Ainsi, seuls les privilèges immobiliers généraux seront dispensés d’inscription au fichier immobilier.


Par ailleurs, la réforme apporte quelques modifications au régime de l’hypothèque conventionnelle puisqu’il sera désormais possible d’en obtenir sur des immeubles futurs.


De plus, la réforme met fin à une jurisprudence de la Cour de cassation aux termes de laquelle le tiers-détenteur désormais appelé tiers-acquéreur d’un bien immobilier, débiteur d’un droit de suite « n’était pas fondé à se prévaloir de la prescription de la créance principale à l’appui de sa demande de mainlevée du commandement de payer valant saisie ». (Cass. Civ. 2ème, 19 février 2015, n°13-27.691 [1])

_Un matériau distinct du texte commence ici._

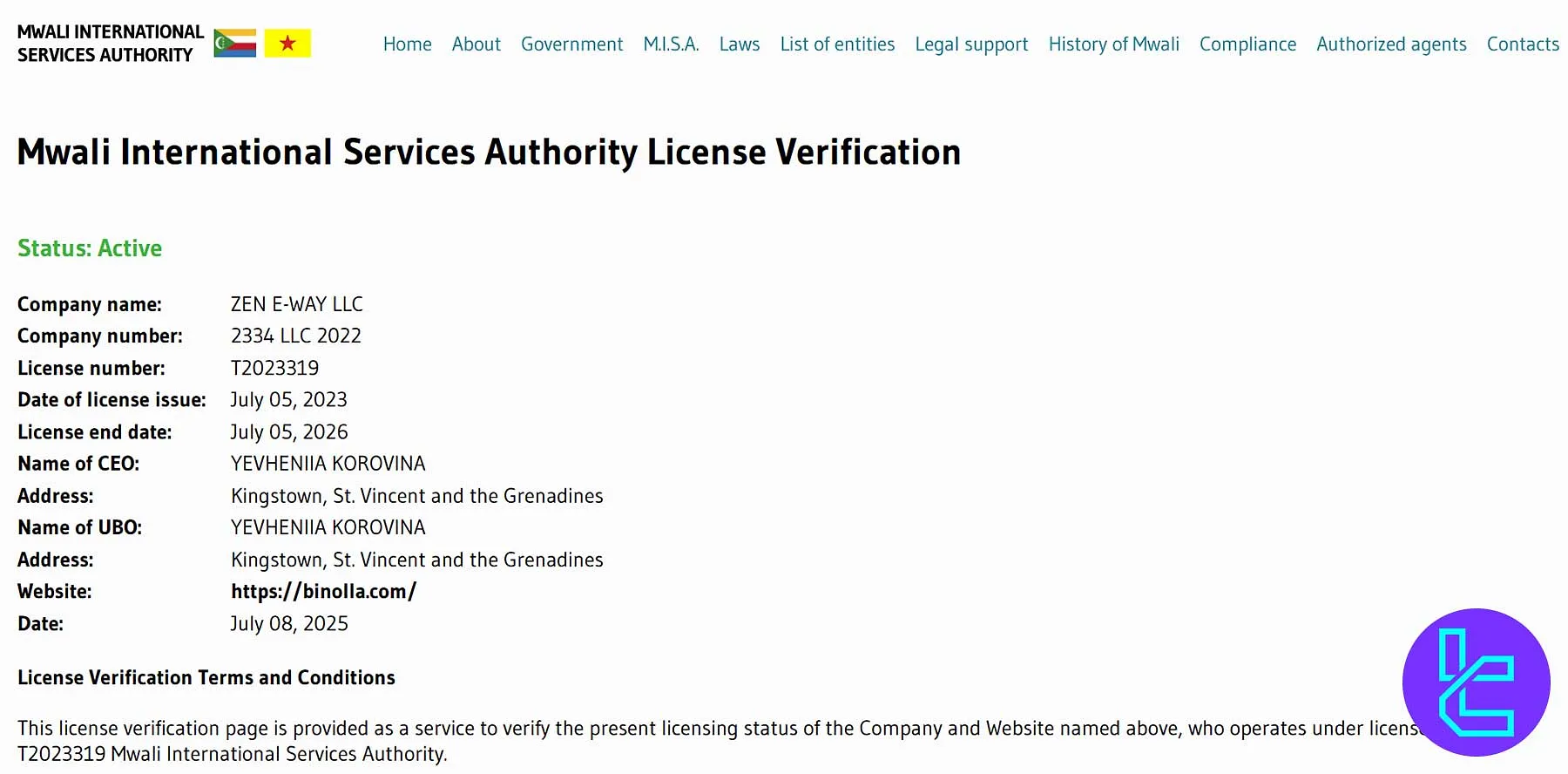 Binolla regulatory license and trading platform overview under MISA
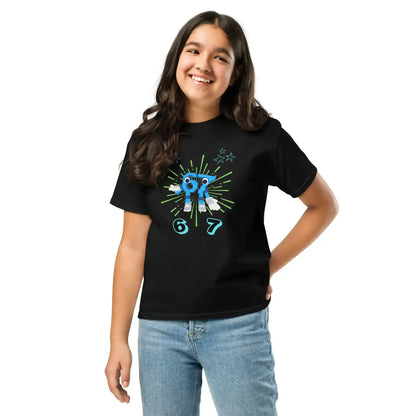 Smiling youth wearing Cady Creations black graphic tee with blue robot and green burst design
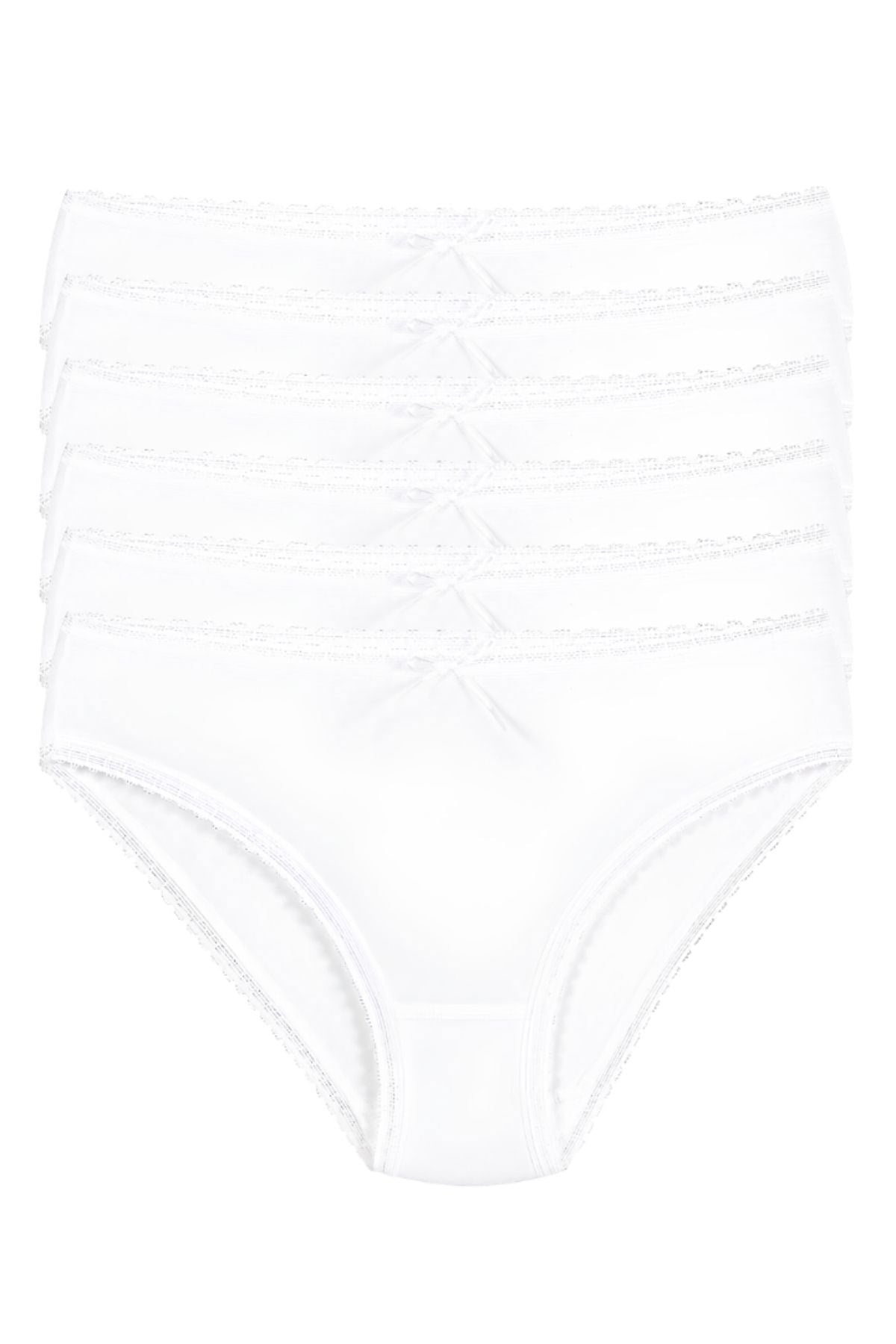 Bambu Dantelli Bikini Kadın Külot Beyaz 6lı Paket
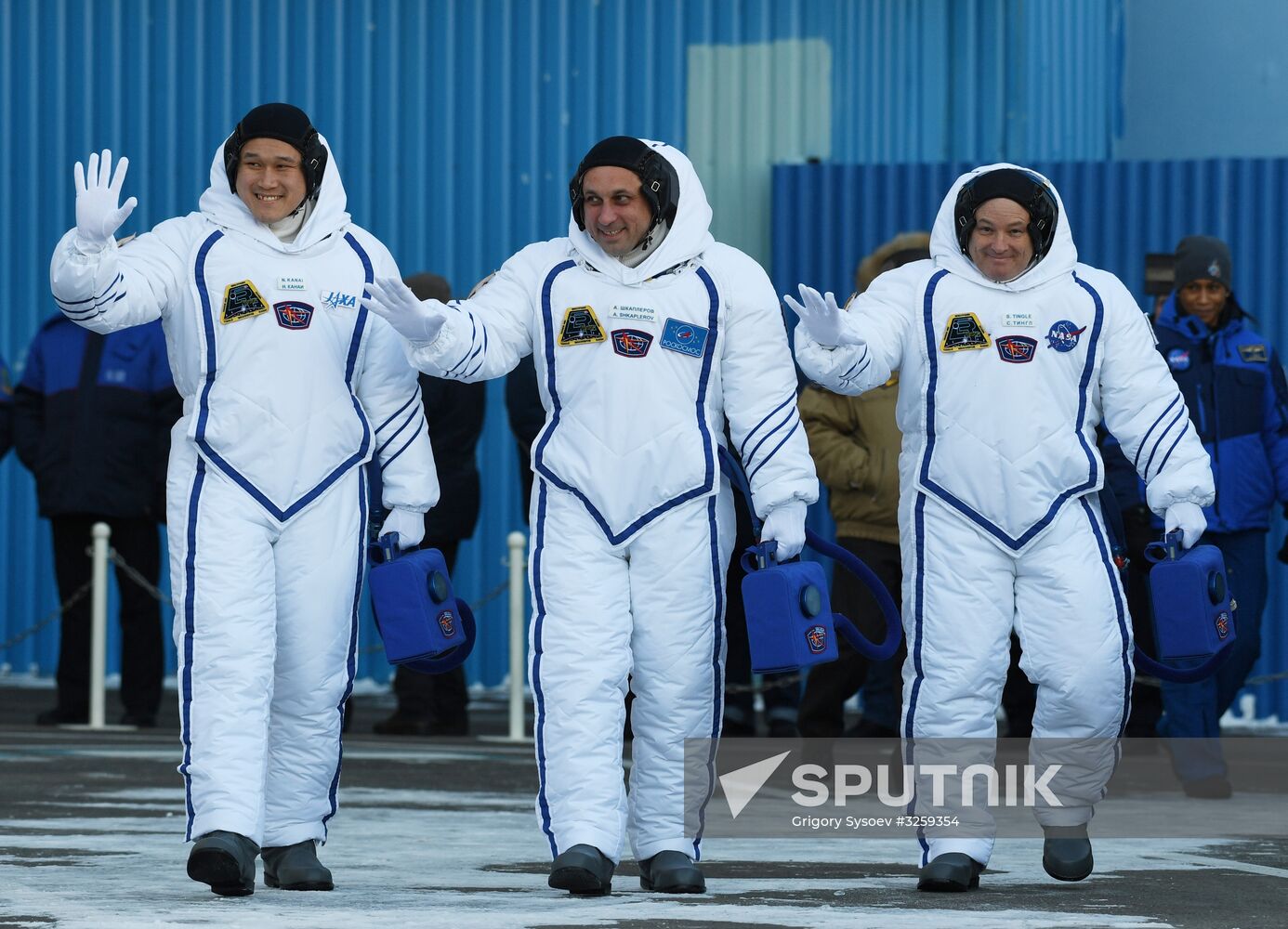Soyuz-FG carrier vehicle with Soyuz MS-07 manned spacecraft launched from Baikonur Cosmodrome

En effet, le tiers-acquéreur bénéficie de garanties nouvelles puisqu’il pourra désormais, comme le peut une caution, opposer au créancier toutes les exceptions qui appartiennent au débiteur principal. (Article 2455 nouveau du code civil)


Le tiers-acquéreur pourra également lorsqu’il n’est pas personnellement obligé à la dette, s’opposer à la vente de l’immeuble hypothéqué, s’il existe d’autres immeubles, à l’appui de la même dette en possession du débiteur principal et en requérir la discussion préalable. (Article 2455 nouveau du code civil)


Enfin, l’hypothèque judiciaire conservatoire sera désormais régie par le code des procédures civiles d’exécution, de façon à pallier les carences en la matière du code civil.


En conclusion, la réforme a apporté des modifications qui tendent à simplifier ainsi qu’à unifier le régime des sûretés réelles et notamment de l’hypothèque qui se présente souvent comme une garantie incontournable pour accéder à un prêt bancaire.